Design tokens use CSS oklch() and color-mix(). You need a recent browser (Chrome/Edge 111+, Safari 16.4+, Firefox 113+). Older browsers render but colors may degrade.

Implementation notes

  • Graph: uses @xyflow/react v12 with @dagrejs/dagre layout. layout: "force" falls back to dagre; layout: "manual" uses per-node x/y only when every node provides them, otherwise dagre.
  • Markdown: prose fields are rendered with react-markdown in the browser.

Known limitations

When a finding's context link targets a clv:code block nested inside clv:tabs or clv:steps, only the active tab or current step is mounted, so the hash jump may be a no-op until the user opens that tab or step.

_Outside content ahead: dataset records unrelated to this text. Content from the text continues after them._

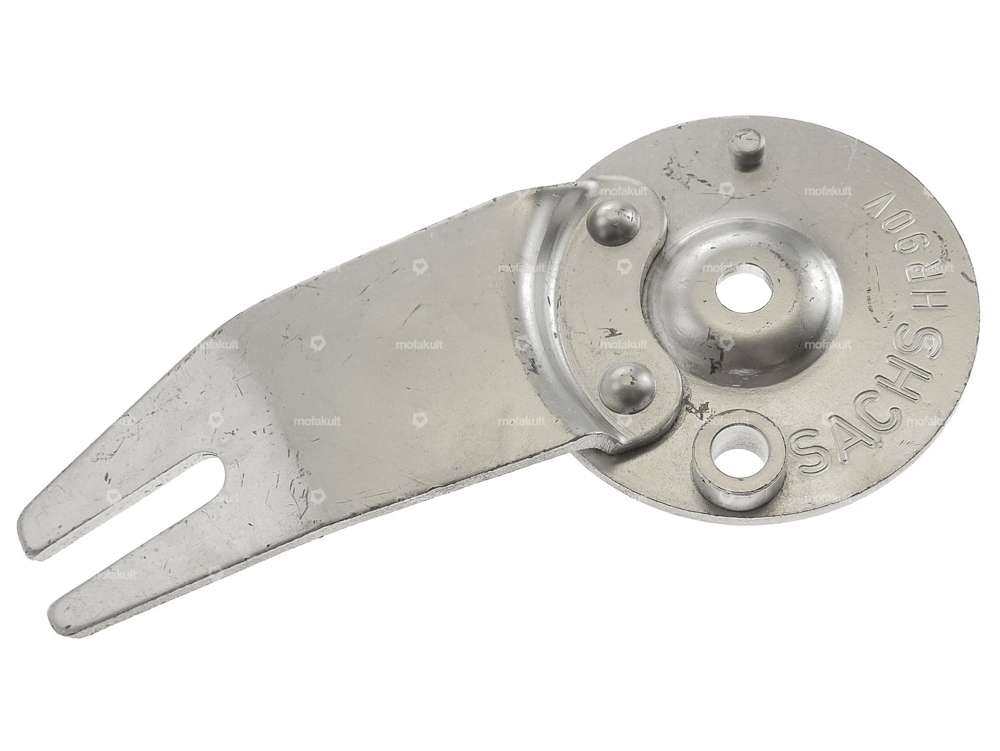 Piastra freno, freno a contropedale (vuota) Carousel Image 1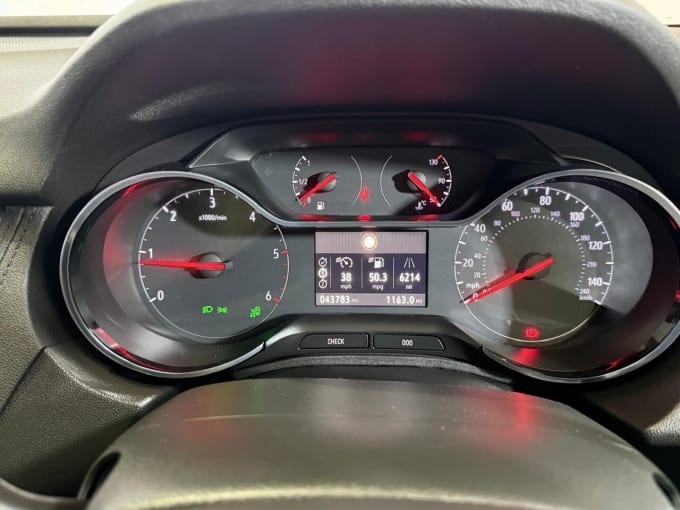 2025 Vauxhall Grandland X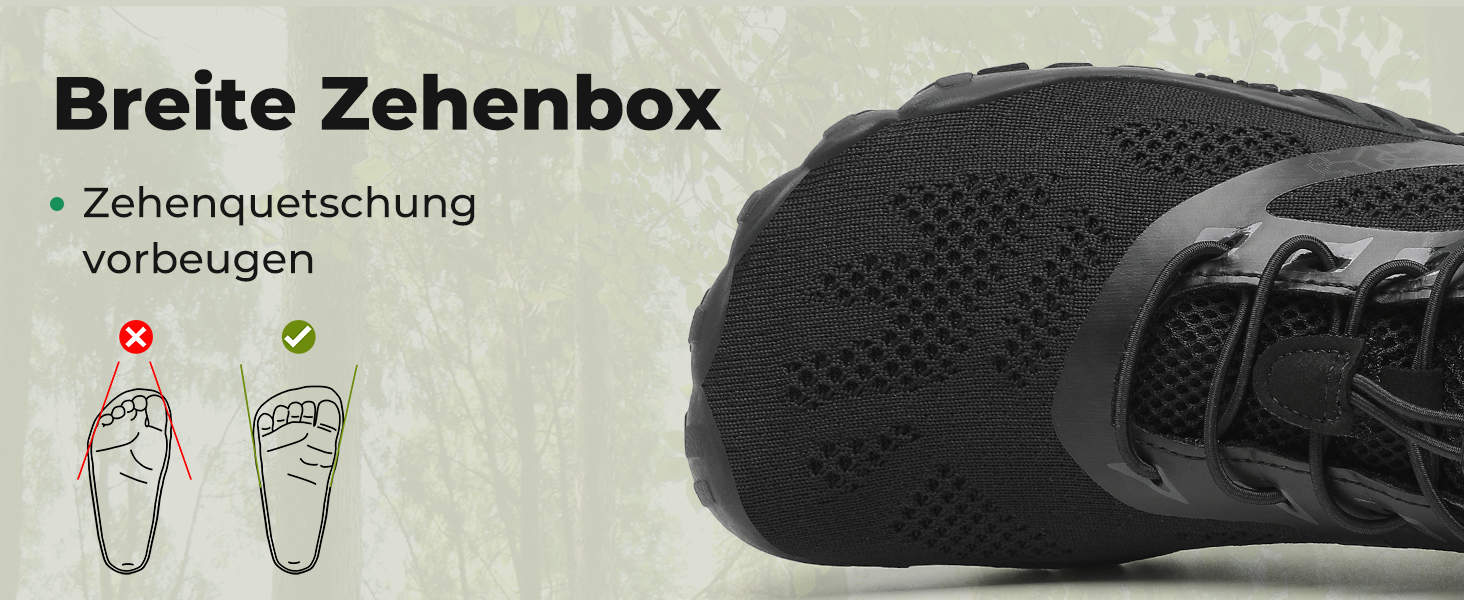 Чоловічі та жіночі трекінгові черевики SAGUARO Minimalist, дихаючі, протиковзкі, рожеві, 42 EU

The inline snippet shown when a finding is expanded is unaffected.

Build from source

Requires Bun.

bun install
bun run build   # web SPA (dist/template.html), then CLI bundle (dist/cli.js)

build:web runs Vite with vite-plugin-singlefile; build:cli bundles src/cli/index.ts and text-imports the template so the CLI has no runtime file dependency. The published package ships dist/ only.

For UI work without the CLI:

bun run dev:web   # Vite dev server; sample document in dev-data.ts

Other scripts: bun run fmt, bun run fmt:check, bunx oxlint.